The S2000 is just fine with the torque it makes. It is not a straight line car and shoudl not be compared as a straight line racer. Anyone that does that is discrediting the car. 

I think a GA will do 300 WHP some day. Not sure when, but I feel if I simply built the bottom end with coatings it will make that. 

I am upgrading to a GT28RS, 50 lb MSD injectors in JGY RAIL , a walboro pump, and a cobra MAF. SO the only limiting factor now is the bottom end and the tranny. 

We will see what the bottom end will hold.


----------



## Bryan200sx (Jan 23, 2003)

YOU CAN DO IT!!! lol


----------



## new94 (Jan 9, 2004)

My thought is that anything is possible, if a bullet proof bottom end is built with shot peened and hardened everything. ARP bolt it all (if available) balanced crank etc you get the point then it is entireley possible, prob alot of cash but if your serious it'd be worth it and of course the stronger the block the bigger the boost!


----------



## SentraStyle (Apr 23, 2004)

WOW thanks for all this info... i've definatly look'd into the hotshot turbo kit. and i talk'd with a local NISSAN TUNER SHOP, they said 300whp is xtremely possible outa the GA16DE-T with internal build up... i forgot to ask them where i can find sum good internal aftermarket products.... so if u can help me out, while i look for sum also that would be superb. i just wanna say thanks again for all the help. and Bryan200sx, YES I CAN DO IT, AND I WILL.... i just hope im the first :cheers: .
Thanks,
Chris Elliott

P.S. What is a safe boost level to run on with stock internals?

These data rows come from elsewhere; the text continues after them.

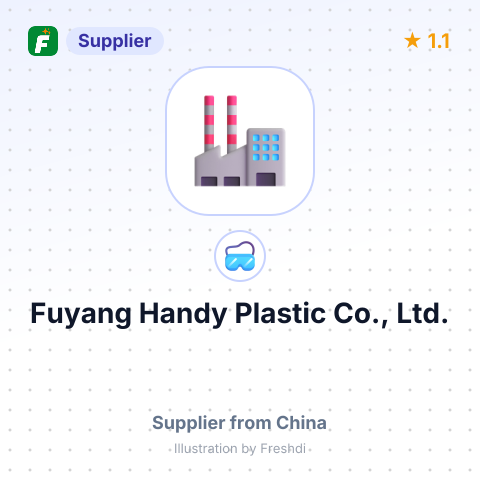 Fuyang Handy Plastic Co., Ltd. – summary card, no photo uploaded yet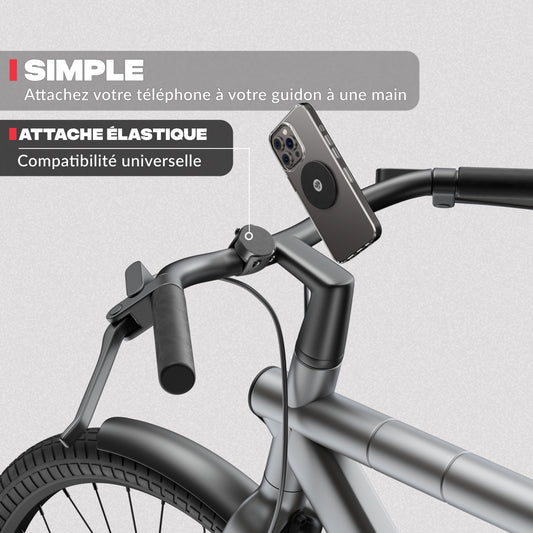 Soporte teléfono bicicleta
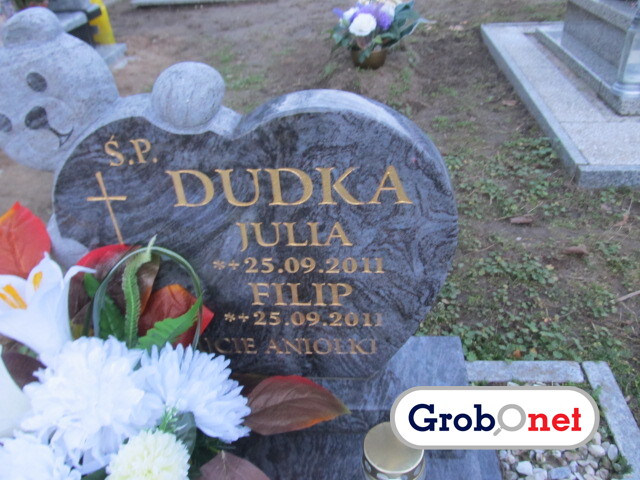 Filip Dudka 2011 Dobrzany - Grobonet - Wyszukiwarka osób pochowanych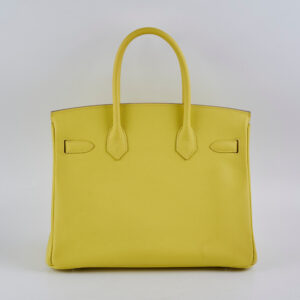 Hermes Birkin 30 Epsom Lime - Y Stamp | Luna Bags
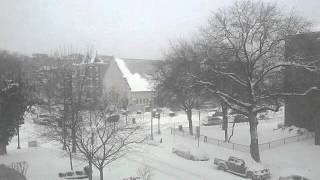 Snowzilla Timelapse - Washington DC - January 22-23, 2016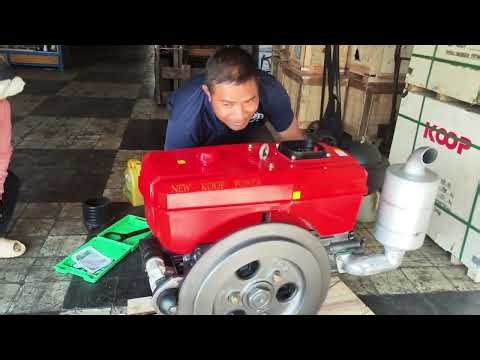 D40 KOOP 40 HP Diesel Engine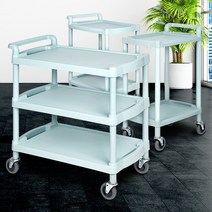 서빙카트주방식당음식 이동식병원3단주방용 식당트롤리 이동밀차대차수레우드 웨건배식수납장배식카 이동트레이 트롤리식당용업소용 트레이끌차수납급식 드레싱추천병원배식대 주방 서빙카플라스틱선반 드레싱카미용실써빙카 업소용 웨곤다용도식당카운반 이동식운반 W 서빙카트, W1012단중블랙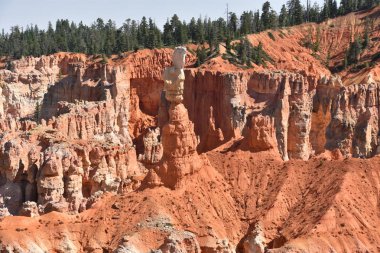 Utah Bryce Canyon Milli Parkı, Ponderosa'yı noktadan görünüm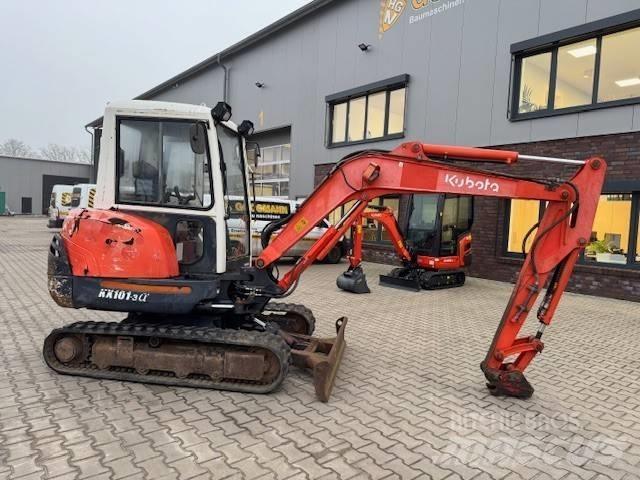 Kubota KX 101-3 小型挖土機/掘鑿機<7t(小型挖掘機)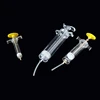 Adjustable Baby Bird Feeder With Gavage Tube Parrot Feeding Syringe Hand-Raised Breast Feeding Medicine Bird Supplies 10/20 ML 6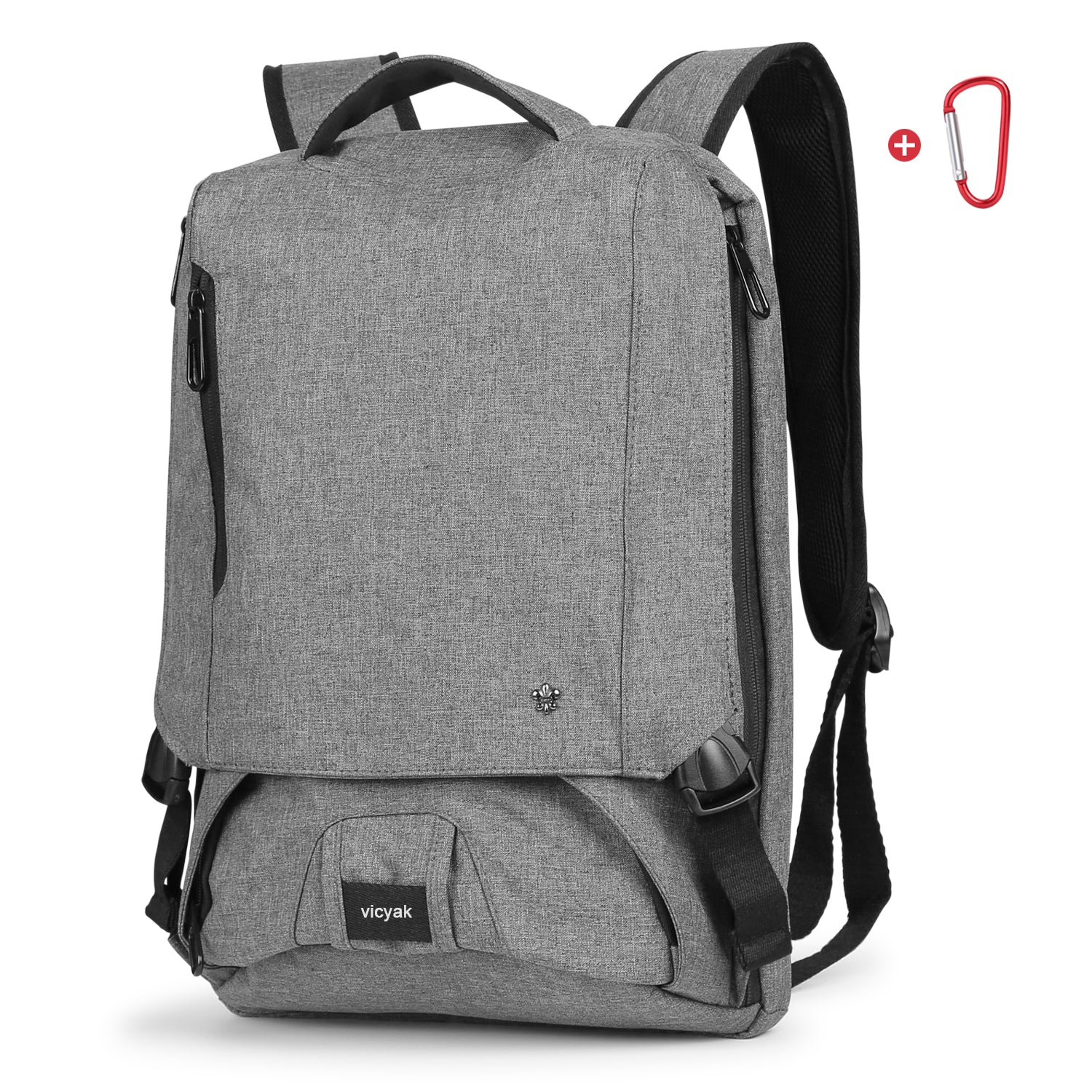 Laptop Backpack, Vicyak Slim Travel Backpack Anti-theft, Waterproof an – brainydeal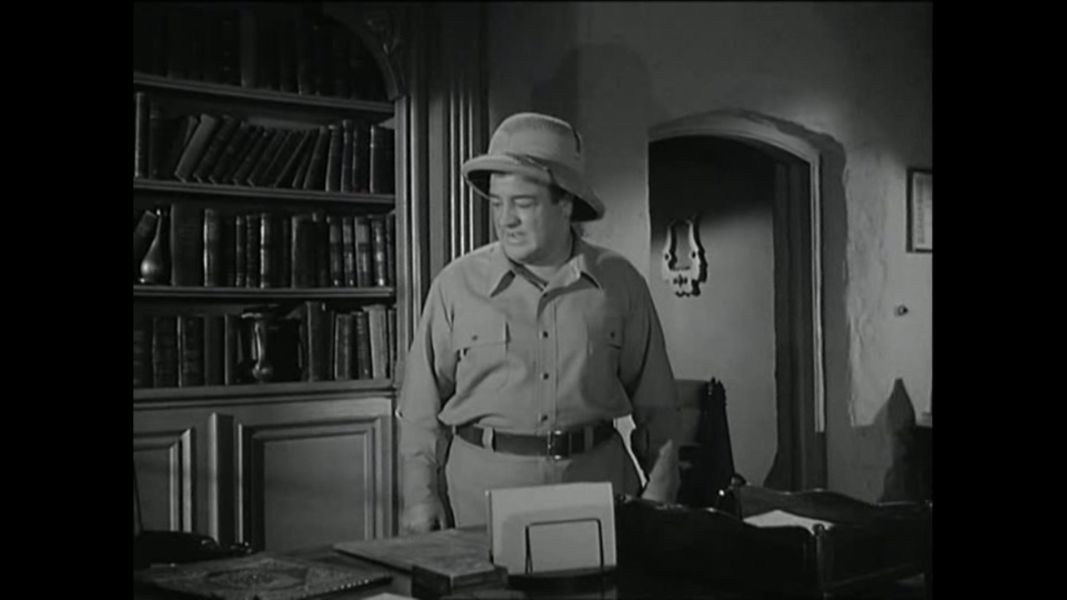 (Bild für) A + C als Mumienräuber - 1955 (DVD+R uncut)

The turbo kit i found is by HotShot and they preset it at 7psi.


----------



## NotAnotherHonda (Aug 7, 2003)

SentraStyle said:


> forgot to ask them where i can find sum good internal aftermarket products.... so if u can help me out, while i look for sum also that would be superb.



there is no afternarket support besides cams.

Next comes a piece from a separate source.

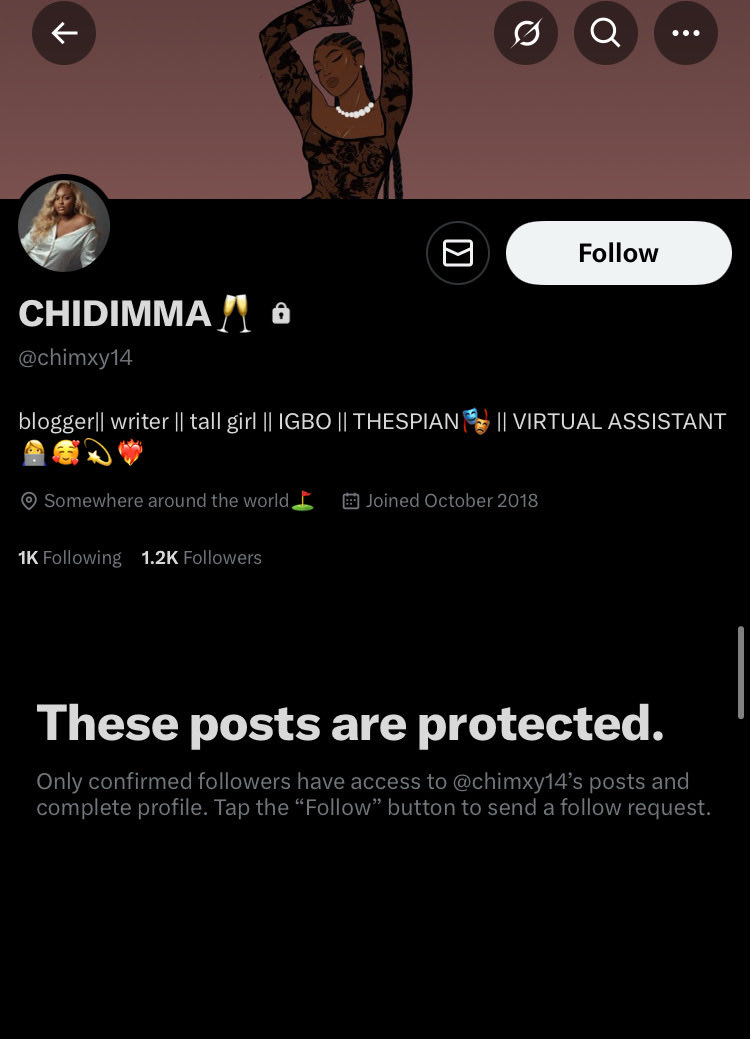 She no go fold ke? 😂😂..

Someone that was not properly trained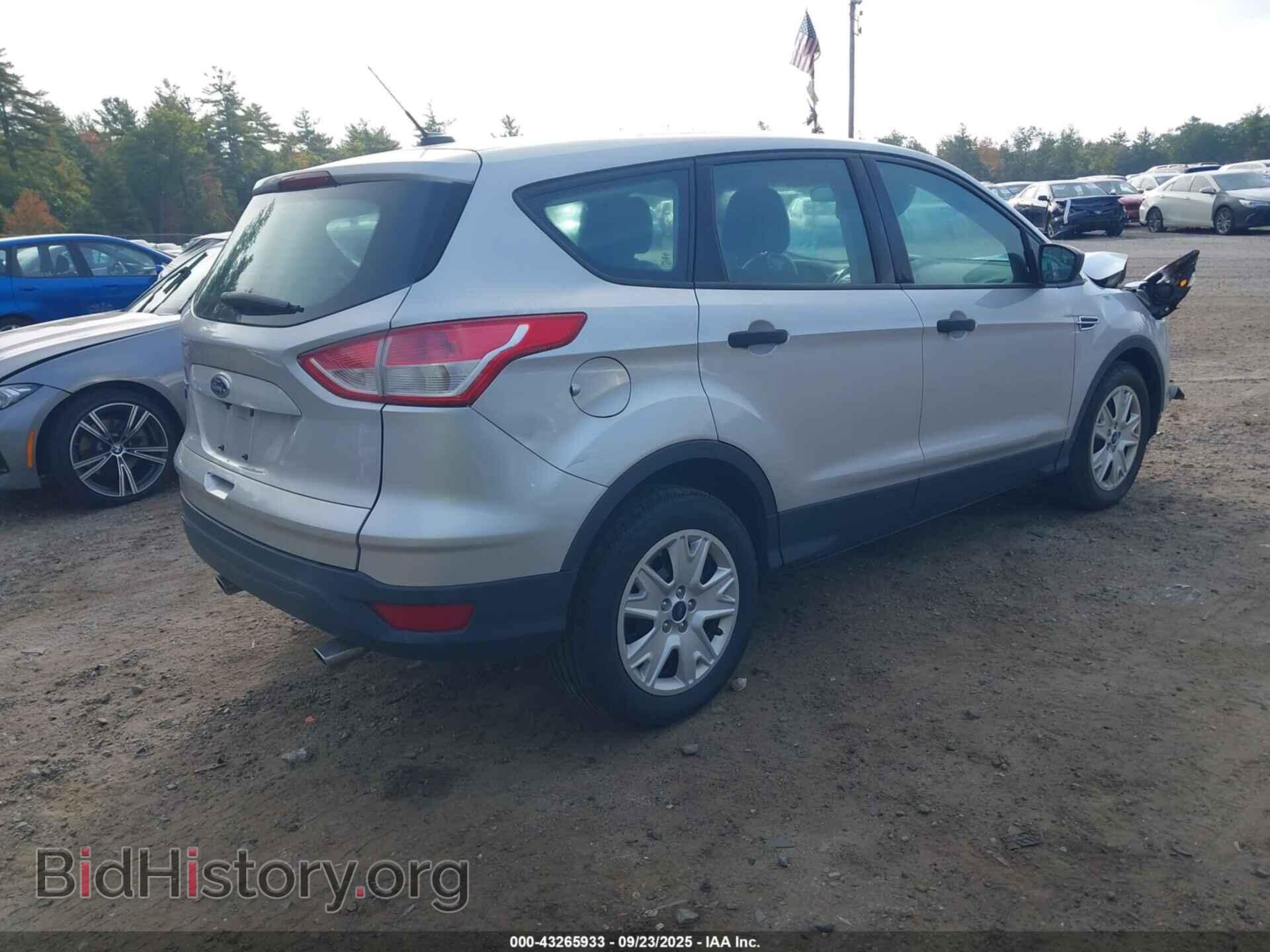 2014 FORD ESCAPE - VIN: 1FMCU0F7XEUC26662 - Фото 4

my internals are stock, and im running at 9psi right now. my clutch has since gone to shit.


----------



## wes (Apr 30, 2002)

SentraStyle said:


> WOW thanks for all this info... i've definatly look'd into the hotshot turbo kit. and i talk'd with a local NISSAN TUNER SHOP, they said 300whp is xtremely possible outa the GA16DE-T with internal build up... i forgot to ask them where i can find sum good internal aftermarket products.... so if u can help me out, while i look for sum also that would be superb. i just wanna say thanks again for all the help. and Bryan200sx, YES I CAN DO IT, AND I WILL.... i just hope im the first :cheers: .
> Thanks,
> Chris Elliott
> 
> P.S. What is a safe boost level to run on with stock internals? The turbo kit i found is by HotShot and they preset it at 7psi.


You should search this subject. You'll find of lot of helpful information on your quest to 300 WHP. I have run as much as 14 PSI, I think Mike may have ran higher than that. My MAF and Injectors were maxed out there soo I didn't go any higher.


----------